O Programa, ao longo do ano, para sensibilizar a
opinião pública, prevê um conjunto de conferências, iniciativas com escolas e
universidades, espectáculos, exposições e festivais sobre o tema da
sustentabilidade ambiental. Estes eventos devem ser um incentivo para que não
seja apenas um acontecimento local, mas inspirador do que é possível fazer em
todo o país.
3. O
Domingo é a Páscoa semanal, anterior à solenidade anual e, também, à escrita
dos textos do Novo Testamento (NT). É um acontecimento originante para que toda
a semana permaneça aberta à experiência espiritual da transcendência.
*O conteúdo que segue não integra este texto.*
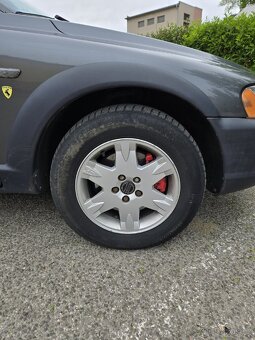 Volvo xc70 d5 - 6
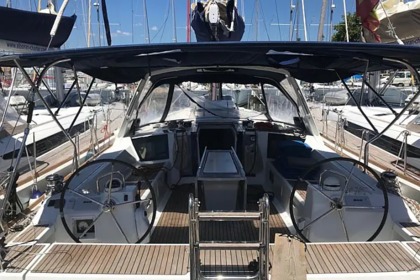 Hyra båt Segelbåt BENETEAU OCEANIS 45 Palma de Mallorca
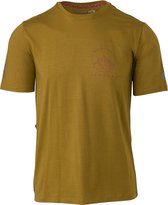 Performance T-shirt Venture Unisex - Bruin - XL
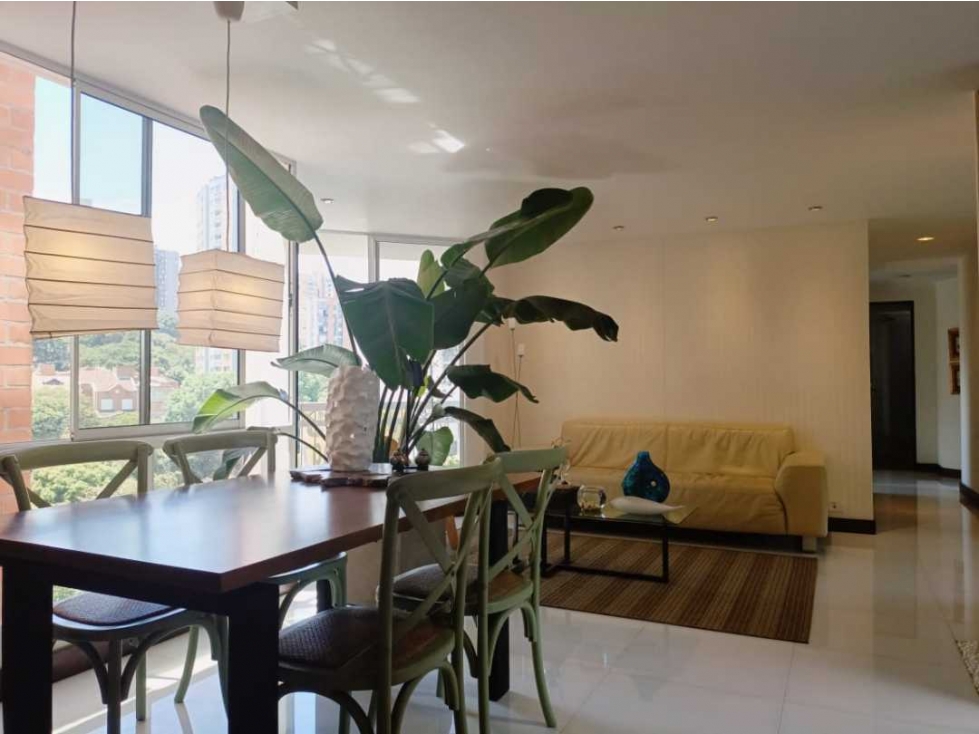 Apartamento en venta loma de los Bernal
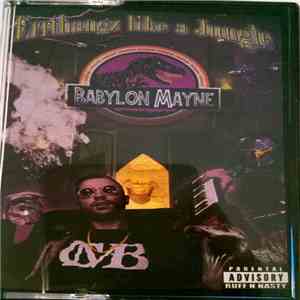 Babylon Mayne - Errthangz Like A Jungle album flac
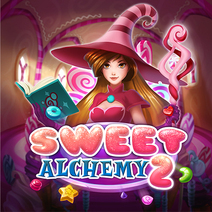 Sloturi Sweet Alchemy 2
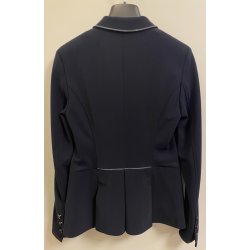 Samshield Victorine Crystal Fabric Stvnejakke - Navy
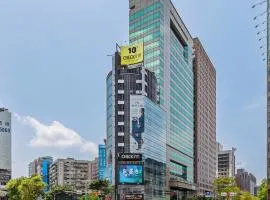 雀客旅馆台北信义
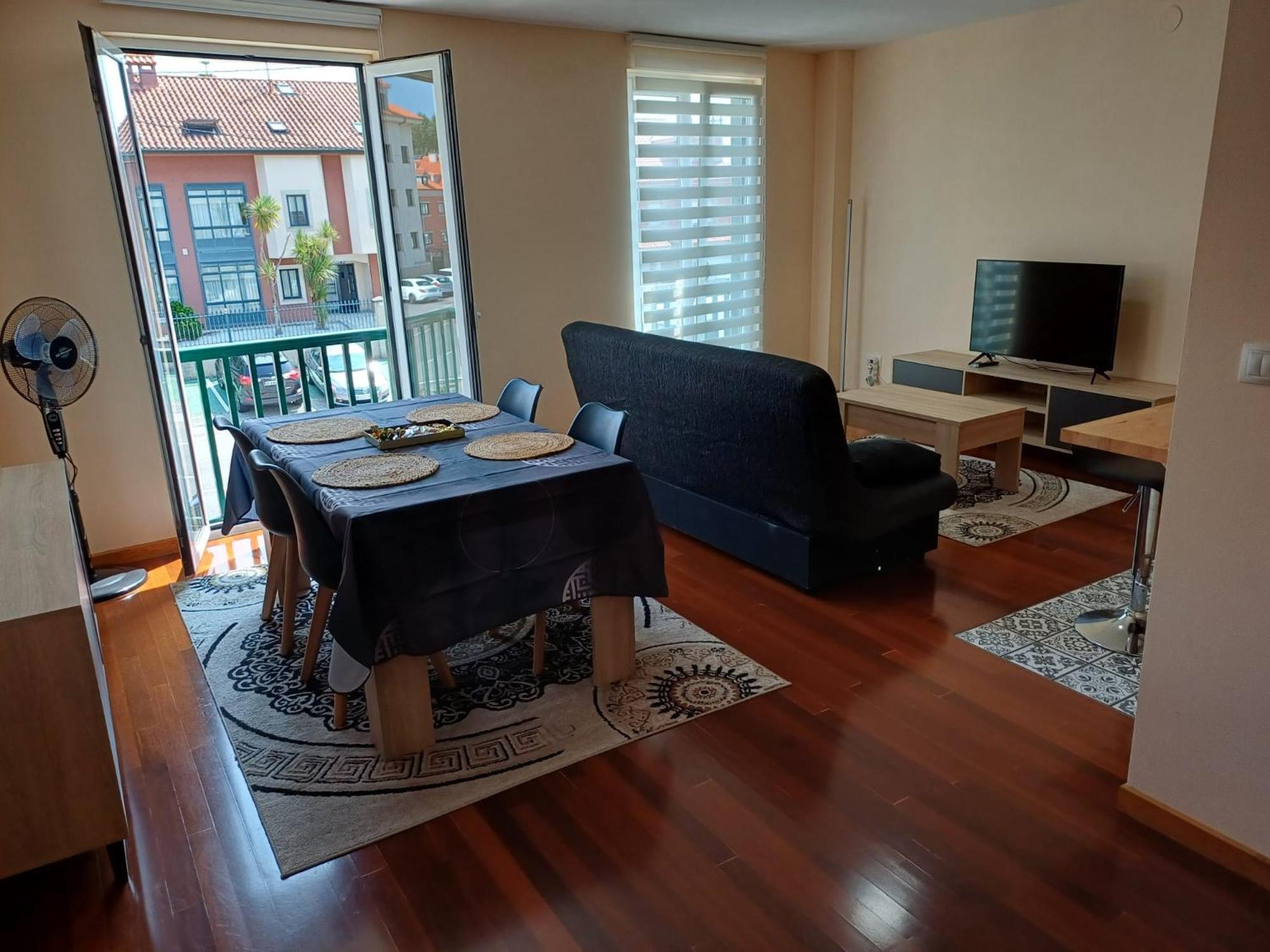 Apartament Soraya En El Fin De La Tierra A Fisterra Zewnętrze zdjęcie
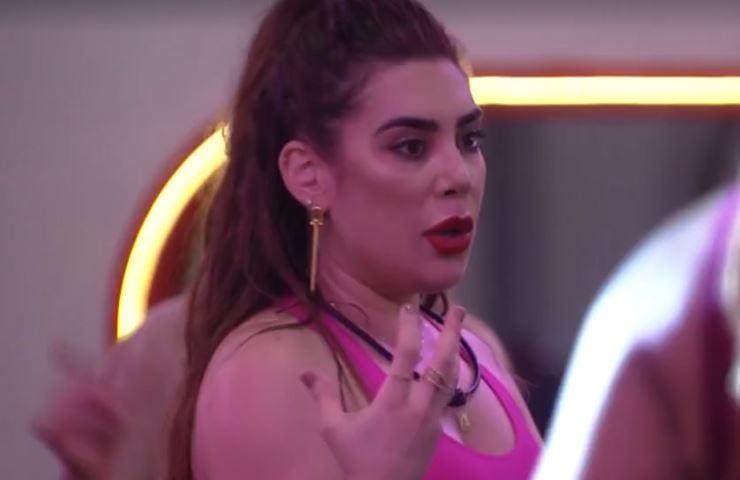 Naiara Azevedo no BBB 22
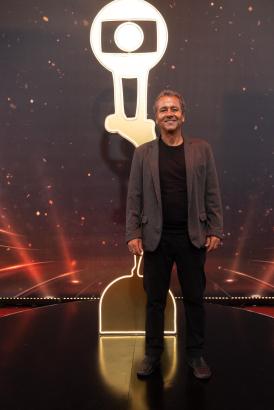 Celebridades marcam presença no Melhores do Ano 2024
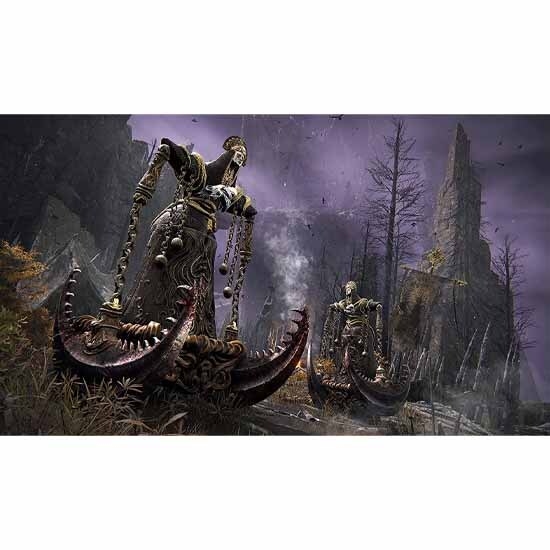 Elden Ring Game for PS4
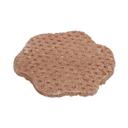 Holten 78/22 Homestyle Black Angus Beef Patty, 4 Ounce -- 80 per case.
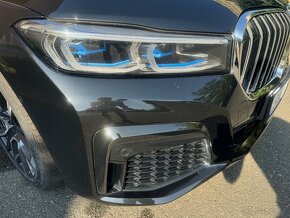 bMW 7 M-Paket xDrive I.majitel CZ rok 5/2022 v záruce 2025 - 20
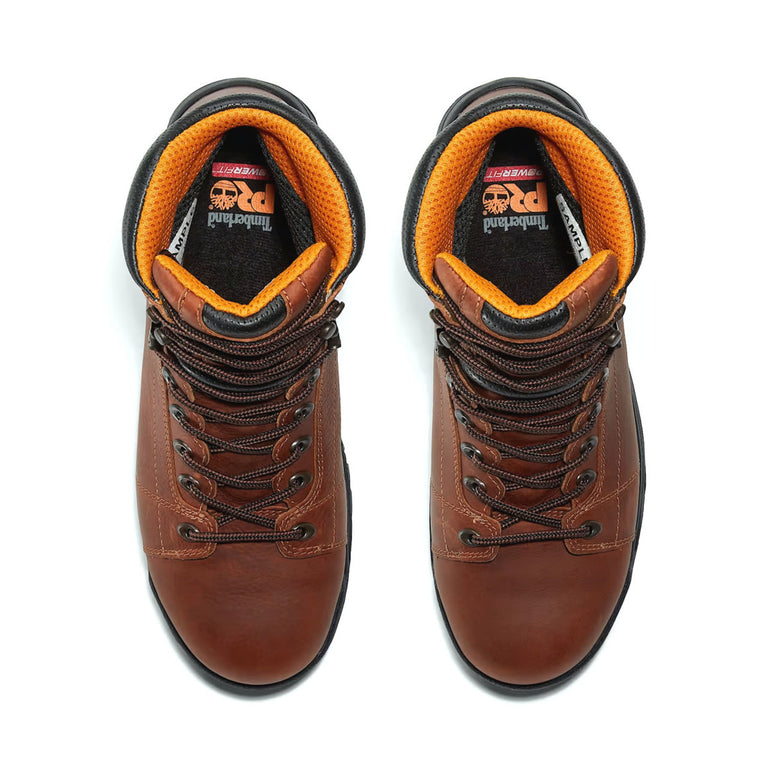 Timberland PRO Men's TiTAN 6" EH Alloy Toe Work Boots, TB1505062421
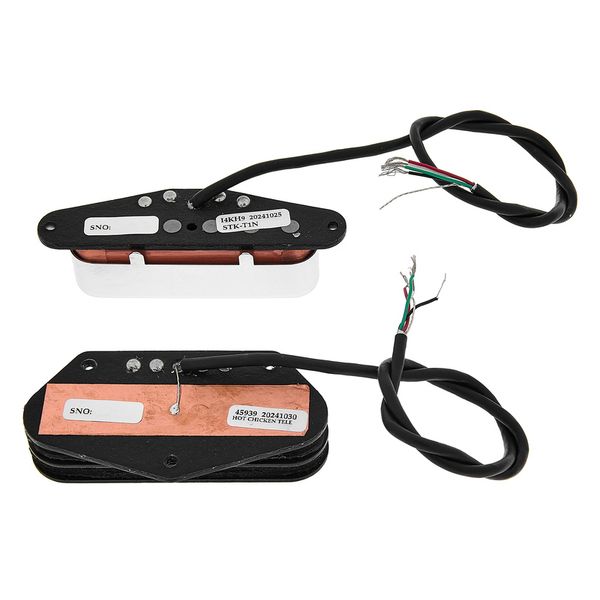 Seymour Duncan Hot Chicken Tele - Pickup Set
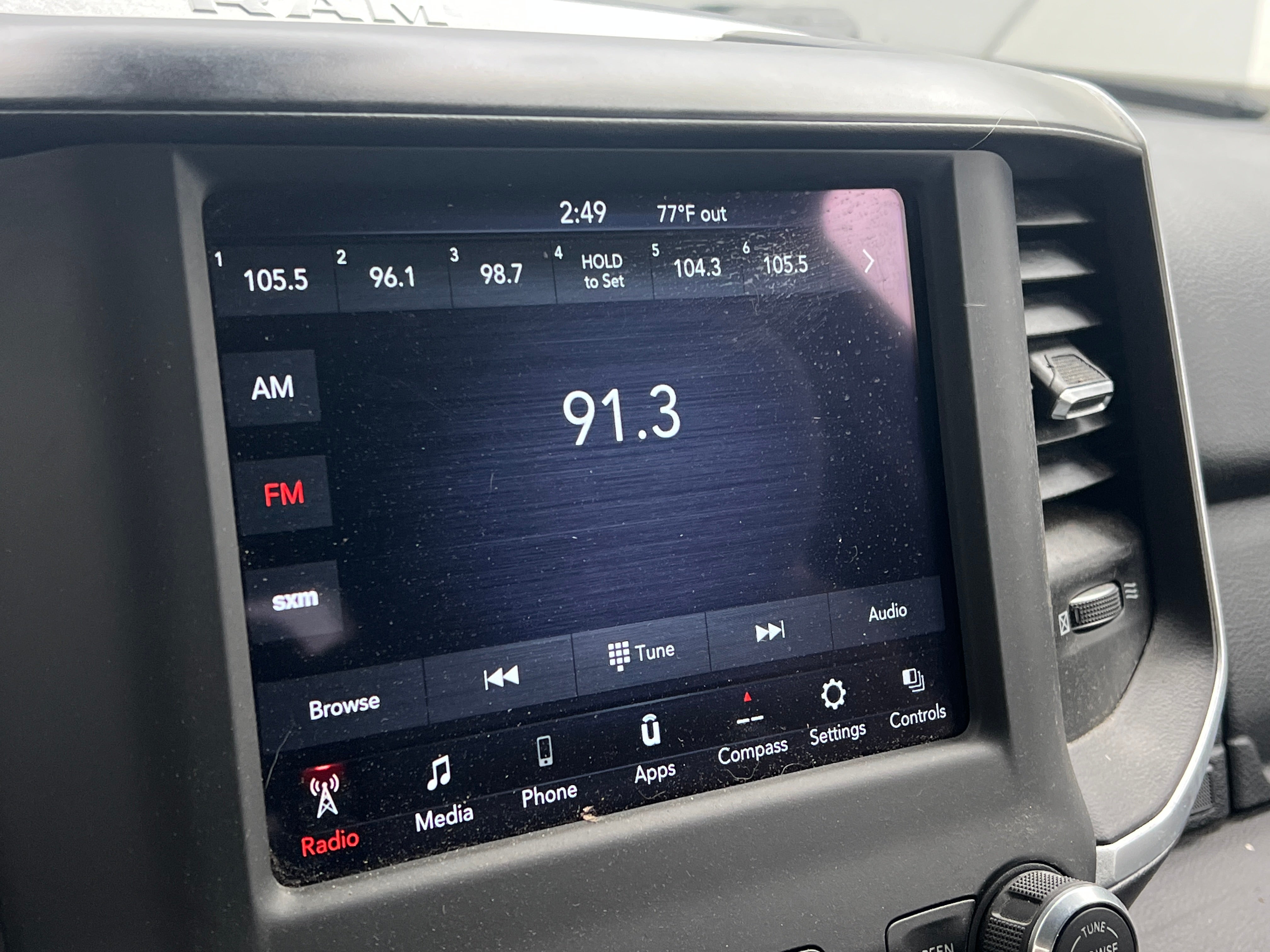 2021 RAM 1500 Big Horn 4
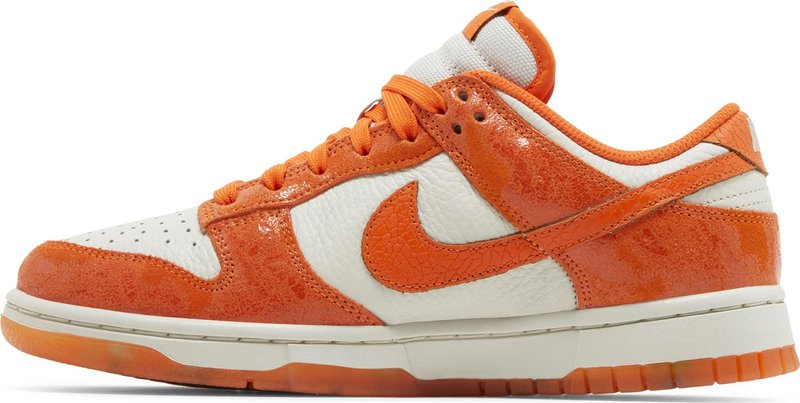Wmns Dunk Low  Cracked Orange  FN7773-001 - vstockx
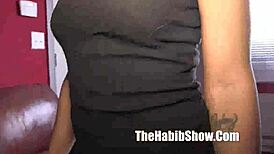 Amateur Rican Girl Gets Fucked Hard In The Hood!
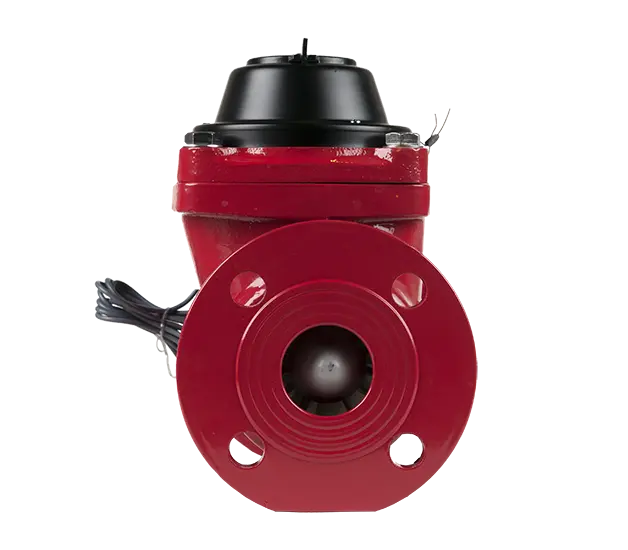 Счетчик воды турбинный Декаст СТВУ-50 с импульсным выходом (ДГ) 4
O ser
humano não deve exercer apenas o seu domínio sobre a natureza. Pertence-lhe estabelecer
com ela uma “relação franciscana”, como diz P. Ricoeur, uma atitude de
contemplação poética que inspire criação e recriação de beleza. É o grande dia
ecológico.
Para os cristãos, sem a
celebração da Eucaristia – partilha do pão e do vinho, fruto do trabalho humano
– o Domingo perde o seu Espírito. Por azares da história, a disciplina actual
dos ministérios ordenados impede o acesso de muitas comunidades à celebração
mais central da fé cristã. O mandato de Jesus – tomai e comei, tomai e bebei – é traído por desinteligência do que
é o sacerdócio e do que são os ministérios na Igreja.
No NT, o grande sacerdote
é Cristo que deu a vida por todos. Sacerdotes são todos os que, pelo Baptismo,
renascem para a vida cristã. Os padres e os bispos são serviços do sacerdócio
de Cristo e do povo cristão. São funções da comunidade para a comunidade. É
para isso que são ordenados. Não é para mandar como julgava a imaturidade dos
discípulos que Jesus escolheu e com os quais lutou até ao fim, para a sua conversão: quem quiser ser o primeiro coloque-se ao
serviço de todos, porque o Filho do Homem não veio para ser servido, mas para
servir e dar a vida por todos.
Celibato ou não celibato
não estão ligados, ontologicamente, ao exercício dos ministérios ordenados. O
carisma do celibato não é, de si, o carisma de um padre ou de um bispo. Na
Igreja Católica houve sempre mulheres e homens que optaram por viver o celibato
como uma grande graça e é característica de todas as congregações religiosas.
O cardeal Ratzinger foi
Prefeito da Congregação para a Doutrina da Fé. Enquanto tal, criou o deserto
teológico na Igreja Católica. Queria ser o único. Foi eleito Papa e resignou
porque já não se sentia com forças para enfrentar a poluição do Vaticano. Não é
Papa emérito, não é Papa, pura e simplesmente. Neste momento, não há dois
Papas. Não lhe fica bem alinhar com a campanha dos adversários das reformas
urgentes propostas pelo único Papa actual.